Sous les verrous, la maltraitance


Dossier

Maltraiter un être humain est un affront à la dignité. En la matière, le système d’enfermement belge est dans le box des récidivistes. Surpopulation, internés psychiatriques en prison, traitements inhumains… La Belgique tarde à se racheter une conduite.

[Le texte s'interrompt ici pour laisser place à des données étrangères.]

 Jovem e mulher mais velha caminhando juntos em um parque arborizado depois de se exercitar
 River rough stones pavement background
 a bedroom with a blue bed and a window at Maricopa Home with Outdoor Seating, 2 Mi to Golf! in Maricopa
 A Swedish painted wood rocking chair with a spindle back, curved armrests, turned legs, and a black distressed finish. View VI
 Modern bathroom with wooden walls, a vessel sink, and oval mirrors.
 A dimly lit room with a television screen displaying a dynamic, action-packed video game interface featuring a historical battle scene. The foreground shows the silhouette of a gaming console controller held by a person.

« Un vrai pourrissoir! Une honte! » Delphine Paci, présidente de l’Observatoire international des prisons (OIP), ne mâche pas ses mots lorsqu’on la lance sur la situation pénitentiaire belge. Ce qui la met particulièrement hors d’elle, c’est la présence d’encore 780 internés psychiatriques en 2017 parmi les 10.600 prisonniers qui peuplent nos 35 prisons. « Ces malades mentaux devraient être pris en charge ailleurs », confirme aussi Maïté De Rue, experte du Comité de prévention de la torture (CPT) du Conseil de l’Europe. « La Belgique a été plusieurs fois sévèrement condamnée par la Commission européenne des droits de l’homme, encore en 2016 par un arrêt-pilote. Mais peu suivi d’effet. » Ce problème structurel belge n’est même pas nié par la Direction générale des établissements pénitentiaires. Seulement nuancé dans son dernier rapport par le fait que cette population uniquement en prison pour raison de troubles mentaux est passée – grâce à l’ouverture de deux Centres de psychiatrie légale à Gand, Anvers…– de 1200 à 750 personnes… en quatre ans. Quatre années de maltraitance de plus à inscrire dans la déjà longue liste des traitements inhumains et dégradants imputés à l’univers carcéral belge.

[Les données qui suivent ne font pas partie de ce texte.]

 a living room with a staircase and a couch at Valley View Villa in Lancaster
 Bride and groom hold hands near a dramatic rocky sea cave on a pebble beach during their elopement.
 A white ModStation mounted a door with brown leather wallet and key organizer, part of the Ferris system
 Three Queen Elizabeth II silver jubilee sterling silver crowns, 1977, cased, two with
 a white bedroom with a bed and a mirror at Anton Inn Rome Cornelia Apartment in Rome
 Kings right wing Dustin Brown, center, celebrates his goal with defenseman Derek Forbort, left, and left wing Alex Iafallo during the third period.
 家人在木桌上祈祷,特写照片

La Belgique manifeste très peu d’énergie à s’amender puisque les condamnations n’ont aucune force contraignante.

Malmenés par l’homme et par le système

Mais au fait, quelle maltraitance? « Elle est multiple, constate Maïté De Rue, l’experte du CPT. Il y a la physique, administrée par l’autorité et/ou les codétenus. Et il y a l’institutionnelle, liée aux conditions déplorables de détention dans des espaces exigus, insalubres, à l’hygiène catastrophique, accentuée par la surpopulation généralisée de nos prisons et aggravée par l’absence de services minimums garantis (douche, repas, visites, promenades, soins) en situation de grèves du personnel. Celles du printemps 2016 ont dramatiquement mis en relief cette lacune avec le décès de deux détenus. » Suite à cet épisode, le CPT a émis une déclaration publique cinglante enjoignant à la Belgique de trouver « une solution rapide et adéquate à ce problème d’une gravité exceptionnelle et intolérable dans un État membre du Conseil de l’Europe ». La semonce est loin d’être la première injonction mettant la case prison belge au ban international. Mais la Belgique manifeste très peu d’énergie à s’amender puisque les condamnations n’ont aucune force contraignante. « Le droit international ne fonctionne que si l’État s’y soumet. Aucune instance internationale ne peut forcer la Belgique à résoudre ses dysfonctionnements carcéraux portant atteinte aux individus », soupire Delphine Paci, la responsable de l’OIP.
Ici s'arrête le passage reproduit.